Here is another instance were a very localized algebraic rewrite triggers a bug: http://stackoverflow.com/questions/17323547/should-the-order-of-linq-query-clauses-affect-entity-framework-performance/ The QO did not even manage to simplify these simple and common expressions. It does not seem to do symbolic reasoning but to respond to very narrow, hard-coded patterns. Disappointing.
Cheer up, tobi!
Goodness me, I write just as often about the positive features in the query optimizer as I do about interesting edge-case behaviours and missed opportunities. The first one in this article has already been fixed in recent versions (so long as you enable the trace flag) and the second one is quite rare, though hopefully interesting and entertaining to read about. I certainly don't intend to depress anyone.
The optimizer does contain a quite general reasoning framework, though as with any highly complex piece of code, there will always be edge-cases. It is of course easy to criticize and assume that there isn't a "coherent symbolic reasoning framework" (whatever one of those is!) but by-and-large people don't write about the millions of successful query plan compilations they encounter, do they? It is true that much of the optimizer's work is based on elementary transformations rather than semantic analysis, but that is a very hard general problem; I am not aware of any commercial product that does that well. Remember the query optimizer faces quite different challenges from (for example) a .NET optimizing compiler.
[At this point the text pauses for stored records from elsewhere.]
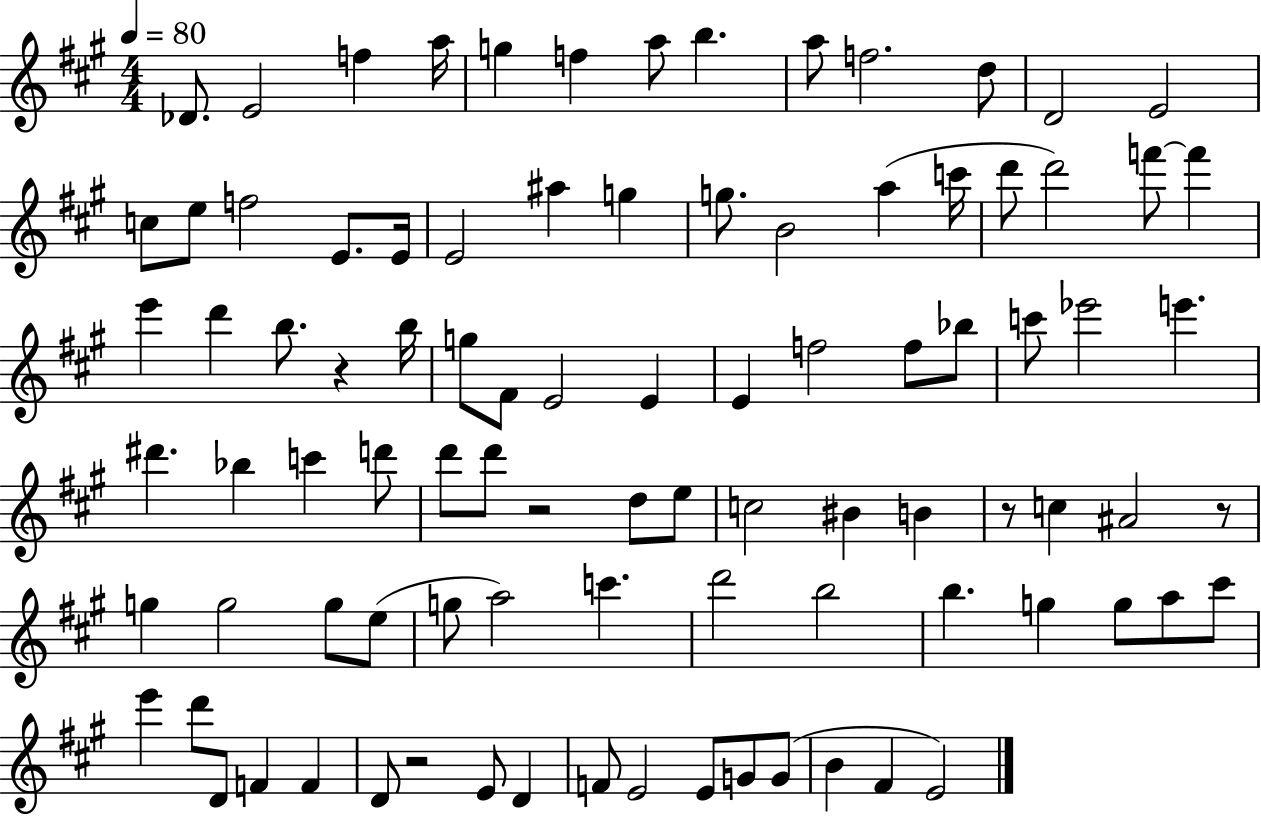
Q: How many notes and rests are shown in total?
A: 92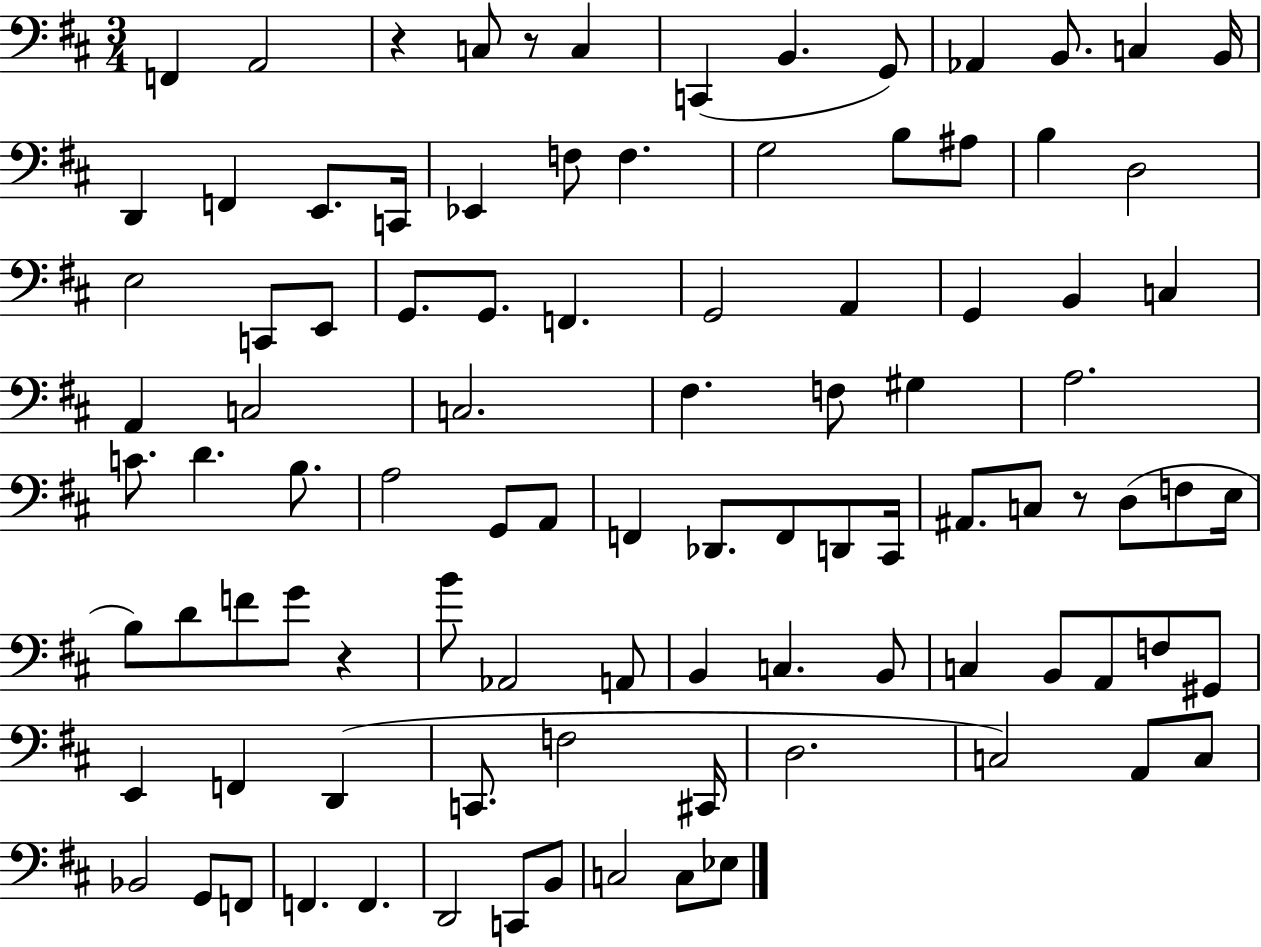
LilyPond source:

{
  \clef bass
  \numericTimeSignature
  \time 3/4
  \key d \major
  f,4 a,2 | r4 c8 r8 c4 | c,4( b,4. g,8) | aes,4 b,8. c4 b,16 | \break d,4 f,4 e,8. c,16 | ees,4 f8 f4. | g2 b8 ais8 | b4 d2 | \break e2 c,8 e,8 | g,8. g,8. f,4. | g,2 a,4 | g,4 b,4 c4 | \break a,4 c2 | c2. | fis4. f8 gis4 | a2. | \break c'8. d'4. b8. | a2 g,8 a,8 | f,4 des,8. f,8 d,8 cis,16 | ais,8. c8 r8 d8( f8 e16 | \break b8) d'8 f'8 g'8 r4 | b'8 aes,2 a,8 | b,4 c4. b,8 | c4 b,8 a,8 f8 gis,8 | \break e,4 f,4 d,4( | c,8. f2 cis,16 | d2. | c2) a,8 c8 | \break bes,2 g,8 f,8 | f,4. f,4. | d,2 c,8 b,8 | c2 c8 ees8 | \break \bar "|."
}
Regarding the stack overflow question, I added some more information there. Yes, it would be nice if the EF and SQL Server teams had worked together a bit closer on that one, but the questioner is using a beta version of EF, and the database design could certainly bear some improvements that would avoid the issue as well.
Yes that's a nice one (though I would never write an IN clause that way myself). There are all sorts of ways to defeat the join-removing simplifications, but they are still a very useful optimizer feature.
Paul i have often seen this join order issue and wondered why the optimiser didnt just reorder those internally.
Paul,
This white paper (https://technet.microsoft.com/en-us/library/dd578580%28v=sql.100%29.aspx) aimed at the 2008 release of the engine says that the partition number is added as an INCLUDED column in a non-clustered index (Quote: "SQL Server automatically adds the partition column to a secondary nonunique index as an included column if the CREATE INDEX statement does not already contain the partition column"). Is that a mistake (potentially in addition to some others)?
I haven't read the whole paper, but that statement seems accurate to me in context.
Paul, but there is a major difference between the partition number being "added as a leading column of the index" (per what you wrote), which would essentially make it a part of the key itself, and it being added merely as an included column. Wouldn't you agree? :)
The crucial difference is between partition *number* and the *value* of the partitioning column used to generate that partition number via the partitioning function. The partition number is effectively the leading key of the index; the specific value used for that partitioning may end up in the key or include list.